Nobody Likes Sarah

February 11, 2010 | Last updated: July 31, 2020

Sarah Palin must be the most-polled political figure who doesn’t even hold office, but as long as we’re going to get relentless coverage of her it’s good to get data like this.

Palin’s more popular in her own party — 69 percent of Republicans see her favorably. But far fewer, 37 percent, do so “strongly.” (By contrast, in an ABC/Post poll last month, 70 percent of Democrats had a strongly favorable opinion of Barack Obama.) More problematic for Palin is that even in her own party 52 percent think she’s not qualified for the presidency — up by 16 points from an ABC/Post poll in November, shortly before the publication of her memoir, in which she criticizes the strategy of the 2008 Republican presidential campaign.

Full results here. Palin’s been the beneficiary of some magical thinking from pundits and reporters, as evidenced very well in David Broder’s silly column that shares space with this poll today. It was always obvious that by bailing out of the only powerful job she’d held, Palin was attempting to become a celebrity pol — the kind of candidate that conservatives accused Barack Obama of being, when they groused about the media not examining him enough and spending too much time promoting his “narrative” of unity and change. The problem is that Palin, who has been unpopular for all but one month of her time on the national scene (from joining the GOP ticket to the Couric interviews,) has used her post-gubernatorial career to whine and score-settle and not — as the defenders said she had to — talk about policy in any serious way. Instead she’s filibustered about “common-sense” politics, a silly dodge that’s as old as politics itself.
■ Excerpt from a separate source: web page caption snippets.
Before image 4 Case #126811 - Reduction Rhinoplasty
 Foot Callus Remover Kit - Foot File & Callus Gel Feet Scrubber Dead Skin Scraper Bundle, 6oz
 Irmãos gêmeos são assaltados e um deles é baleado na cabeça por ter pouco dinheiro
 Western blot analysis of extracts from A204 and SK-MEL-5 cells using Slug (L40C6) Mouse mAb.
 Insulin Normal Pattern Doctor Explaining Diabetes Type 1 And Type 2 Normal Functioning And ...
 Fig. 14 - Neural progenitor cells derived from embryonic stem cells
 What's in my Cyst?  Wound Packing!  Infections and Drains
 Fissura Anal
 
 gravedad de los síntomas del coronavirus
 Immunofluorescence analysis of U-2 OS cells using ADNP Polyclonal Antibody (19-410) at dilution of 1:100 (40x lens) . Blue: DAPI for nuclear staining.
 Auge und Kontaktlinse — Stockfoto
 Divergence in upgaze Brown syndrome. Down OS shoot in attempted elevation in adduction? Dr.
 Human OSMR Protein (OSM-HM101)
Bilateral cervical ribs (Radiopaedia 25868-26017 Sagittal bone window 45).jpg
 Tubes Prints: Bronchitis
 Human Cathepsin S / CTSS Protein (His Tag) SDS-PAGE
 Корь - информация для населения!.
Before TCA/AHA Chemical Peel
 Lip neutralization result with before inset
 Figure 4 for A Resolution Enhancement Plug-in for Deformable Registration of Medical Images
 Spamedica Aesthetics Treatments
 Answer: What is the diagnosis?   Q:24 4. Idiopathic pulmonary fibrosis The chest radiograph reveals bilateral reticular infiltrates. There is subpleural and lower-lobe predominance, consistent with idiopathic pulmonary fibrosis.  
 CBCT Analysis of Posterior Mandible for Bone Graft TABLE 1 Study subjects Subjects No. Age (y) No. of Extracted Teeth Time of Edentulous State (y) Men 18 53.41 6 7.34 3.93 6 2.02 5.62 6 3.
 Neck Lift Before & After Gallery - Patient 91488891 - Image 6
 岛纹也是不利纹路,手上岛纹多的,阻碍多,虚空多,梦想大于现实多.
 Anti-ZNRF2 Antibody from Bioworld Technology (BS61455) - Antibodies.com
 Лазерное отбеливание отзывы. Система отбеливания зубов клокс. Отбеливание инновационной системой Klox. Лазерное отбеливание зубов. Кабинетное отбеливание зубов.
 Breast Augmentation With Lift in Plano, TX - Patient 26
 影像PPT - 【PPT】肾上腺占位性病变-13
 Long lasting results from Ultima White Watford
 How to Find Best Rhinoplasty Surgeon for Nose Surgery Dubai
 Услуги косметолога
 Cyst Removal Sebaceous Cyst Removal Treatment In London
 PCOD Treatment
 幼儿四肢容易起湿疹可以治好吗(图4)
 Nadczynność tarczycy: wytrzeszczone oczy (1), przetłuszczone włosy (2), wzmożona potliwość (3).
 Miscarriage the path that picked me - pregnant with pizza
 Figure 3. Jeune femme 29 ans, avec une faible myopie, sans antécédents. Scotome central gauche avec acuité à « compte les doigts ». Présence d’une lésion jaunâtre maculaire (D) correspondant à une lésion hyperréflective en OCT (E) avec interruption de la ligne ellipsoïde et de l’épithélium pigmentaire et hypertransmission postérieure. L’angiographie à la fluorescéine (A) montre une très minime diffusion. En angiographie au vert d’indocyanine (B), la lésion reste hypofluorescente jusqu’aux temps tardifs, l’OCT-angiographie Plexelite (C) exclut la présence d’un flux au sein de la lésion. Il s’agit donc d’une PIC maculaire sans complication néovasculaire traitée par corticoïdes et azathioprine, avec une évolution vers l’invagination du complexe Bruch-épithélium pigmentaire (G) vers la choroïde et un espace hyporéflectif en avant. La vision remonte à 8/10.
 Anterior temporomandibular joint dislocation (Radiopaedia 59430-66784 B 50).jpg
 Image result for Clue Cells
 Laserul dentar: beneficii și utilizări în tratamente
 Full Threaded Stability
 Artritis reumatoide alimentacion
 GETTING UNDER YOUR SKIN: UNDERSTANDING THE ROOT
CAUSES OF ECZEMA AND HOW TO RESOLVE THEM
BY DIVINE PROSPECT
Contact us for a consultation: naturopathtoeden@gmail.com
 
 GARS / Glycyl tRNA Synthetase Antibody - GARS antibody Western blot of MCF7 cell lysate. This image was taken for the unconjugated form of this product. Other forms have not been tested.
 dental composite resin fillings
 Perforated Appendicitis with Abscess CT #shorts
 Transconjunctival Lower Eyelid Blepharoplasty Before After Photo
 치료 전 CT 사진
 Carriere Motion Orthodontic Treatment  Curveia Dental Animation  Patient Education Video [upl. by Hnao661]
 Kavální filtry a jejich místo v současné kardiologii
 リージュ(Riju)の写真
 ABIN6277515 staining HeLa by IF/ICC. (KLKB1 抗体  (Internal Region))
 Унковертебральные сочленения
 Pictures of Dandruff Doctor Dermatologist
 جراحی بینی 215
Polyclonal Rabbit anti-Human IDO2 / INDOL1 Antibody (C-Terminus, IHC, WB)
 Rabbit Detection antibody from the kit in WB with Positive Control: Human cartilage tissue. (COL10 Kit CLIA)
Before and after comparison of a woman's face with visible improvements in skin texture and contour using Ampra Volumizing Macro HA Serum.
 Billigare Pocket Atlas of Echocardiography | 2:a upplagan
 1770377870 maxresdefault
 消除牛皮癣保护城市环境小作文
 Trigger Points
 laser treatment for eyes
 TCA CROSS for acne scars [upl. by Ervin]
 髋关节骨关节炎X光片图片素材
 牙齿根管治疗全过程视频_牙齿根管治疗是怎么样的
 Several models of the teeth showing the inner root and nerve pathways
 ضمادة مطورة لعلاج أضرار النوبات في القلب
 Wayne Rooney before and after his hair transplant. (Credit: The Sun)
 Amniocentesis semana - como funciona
Anyway, here’s what Bill Kristol wrote in The Washington Post when Palin resigned.

She has fervent supporters, which would presumably help her in primaries and caucuses. Among the general public, she has a not-great but not-unmanageable 45-44 favorability rating.

That was in a June Pew poll. Seven months later, she’s got a 37-55 favorability rating. And here’s Matt Continetti writing when Palin’s book hit the shelves.

Independents are a different story. These are the folks who decide presidential elections, and they are divided on Ms. Palin. In last month’s Gallup poll, Ms. Palin had a 48% unfavorable and 41% favorable rating among independents. Not good, but not insurmountable. Flip those percentages, and they could be serving moose burgers in the White House in 2013.

Today:

Six percent of Democrats now consider her qualified for the presidency, a drop from 22 percent in November; the percentage of independents who think she is qualified fell to 29 percent from 37 percent.

But if she finds a way to move up 21 points, they could be serving moose burgers in the White House!